Designed for majors and prospective majors. Historical survey treating the development of American letters from the beginnings through the twentieth century.
Designed for majors and prospective majors. Historical survey of selected texts outside the British and American literary traditions.
How do modern students approach Shakespeare’s plays as texts to be performed in the early modern theater?
This course begins with the premise that Shakespeare’s dramas, while composing an impressive body of literature, are first and foremost play scripts for actors who performed 400 years ago. As such, they require their own set of reading skills.

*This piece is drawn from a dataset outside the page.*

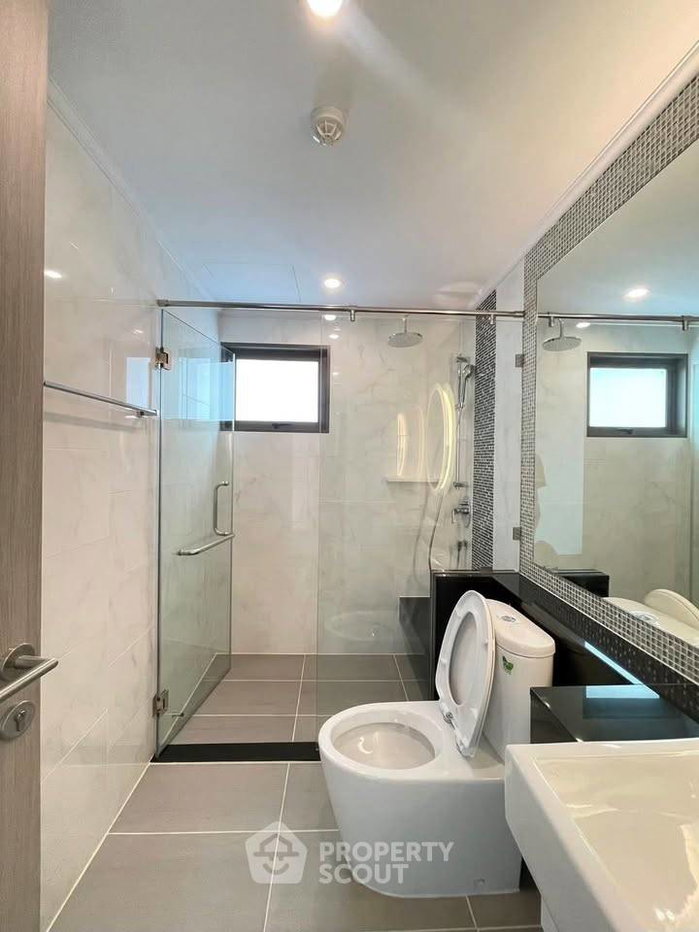 picture 15th-Floor 2-BR Supalai Oriental Sukhumvit 39 Near MRT Phetchaburi (ID 3325753) - 12/12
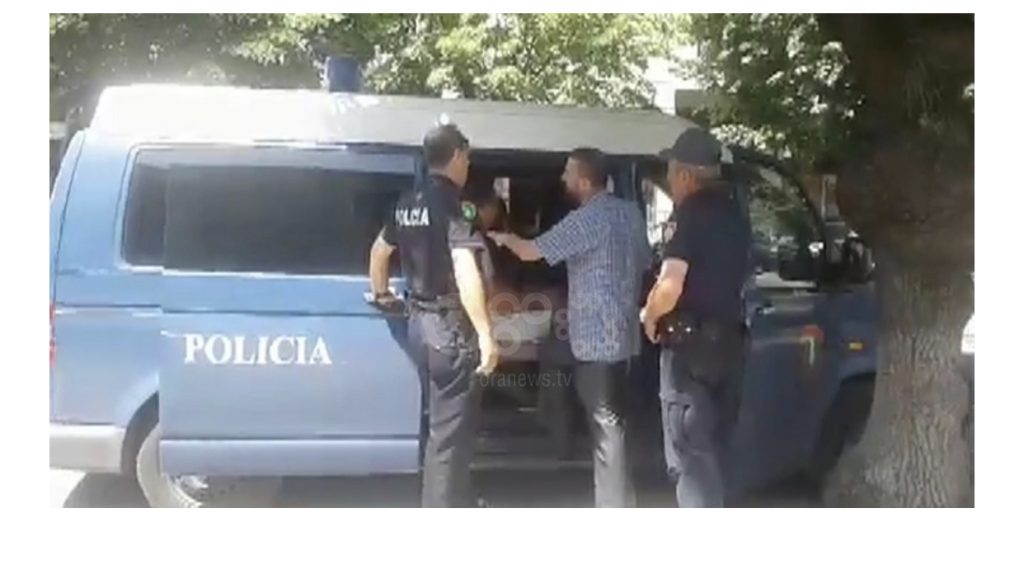 SHÇBA godet një grup kriminal, 5 të arrestuar, mes tyre 1 polic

Through regular writing assignments, class discussions, and acting workshops, students practice the skills required to understand the words on the page as clues to their embodiment on the early modern stage. The course surveys plays across Shakespeare’s theatrical career—comedies, histories, tragedies, and romances. Critical reading includes both literary criticism and theatrical history.

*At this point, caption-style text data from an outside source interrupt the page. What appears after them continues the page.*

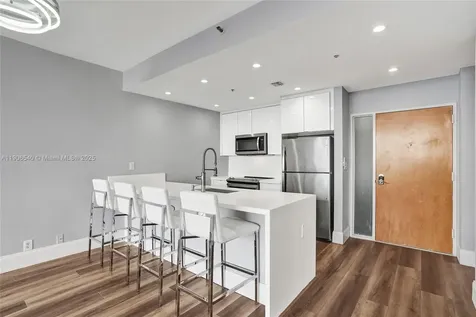 7601 E Treasure Drive Miami Beach FL 33141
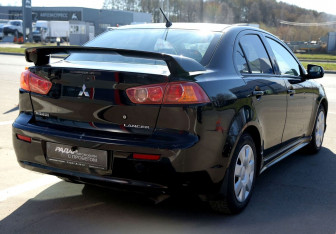 Подержанный автомобиль Mitsubishi Lancer Sedan 2008 года (6 фото)
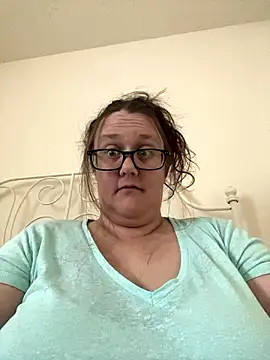Snapshot of Foxy_Evie40XO chatting on 12.02.24 Foxy Evie40XO online show from 12.02.24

For students who wish a more advanced instruction in writing. The focus of the course may vary from semester to semester.
This seminar explores various ways that words and images combine to make meanings. Students will study a range of word-image texts, from illuminated books and graphic narratives, to digital poetry and blogs. Students will write critical papers about these image-texts, and you’ll create your own. The seminar is a double hybrid—word/image texts and critical/creative writing—designed to stimulate your intellectual and imaginative faculties, and to help you develop literacies for the digital age, including mastery of WordPress.
Analytic and comparative reading of major critical texts.
In this course students explore works by eleven southern women writers including Dorothy Allison, Harriet Arnow, Kate Chopin, Zora Neale Hurston, Harper Lee, Toni Morrison, Flannery O’Connor, Sheri Reynolds, Alice Walker, Jesmyn Ward, and Eudora Welty. Together we will encounter narratives that challenge our understanding of public and private histories and impel us to consider both theoretically and personally the effects of gender, race, class, and region on creative expression and the stories that unfold. We will question the texts, their contexts, and ourselves, always acknowledging Welty’s assertion that “there is absolutely everything in fiction but a clear answer.”
In Shakespeare’s London, audience members referred not to “watching” or “seeing” a play, but to “hearing” it.
“Radio Shakespeare” is a new incarnation of English 452, “Performing Shakespeare.” The course will culminate in three full-length radio performances of The Merchant of Venice before live audiences. A fourth performance, a Sunday matinee on the order of a staged reading, may occur at the Zimmermanns’ Renaissance villa, Pian del Pino. One of the audio performances will be broadcast live on WDAV. Post-production, engineers will assemble an immortal pod-cast combining the strongest elements of the three recorded performances into one whole.
German Classes
Continuing work in developing language skills, with strong emphasis on speaking and writing. The course requires online work and participation in AT sessions. Fulfills the foreign language requirement.
An introduction to authors, genres, and periods in German literature as well as methods of literary criticism. Close reading, discussion, and analytical writing in German about key original texts from various periods and traditions.
Close attention to the various answers to the questions: “Was ist Deutsch?” and “What does the study of German culture entail?” Texts drawn from various discourses, including history, literature, film, visual arts, political and social science, as well as journalism and popular culture
Selected topics primarily in German and Austrian film which introduce students to genres, historical periods, and methods of film analysis. Sample topics include an overview of German cinema, as well as German popular film. Classes are taught in German and focus on close readings and discussions.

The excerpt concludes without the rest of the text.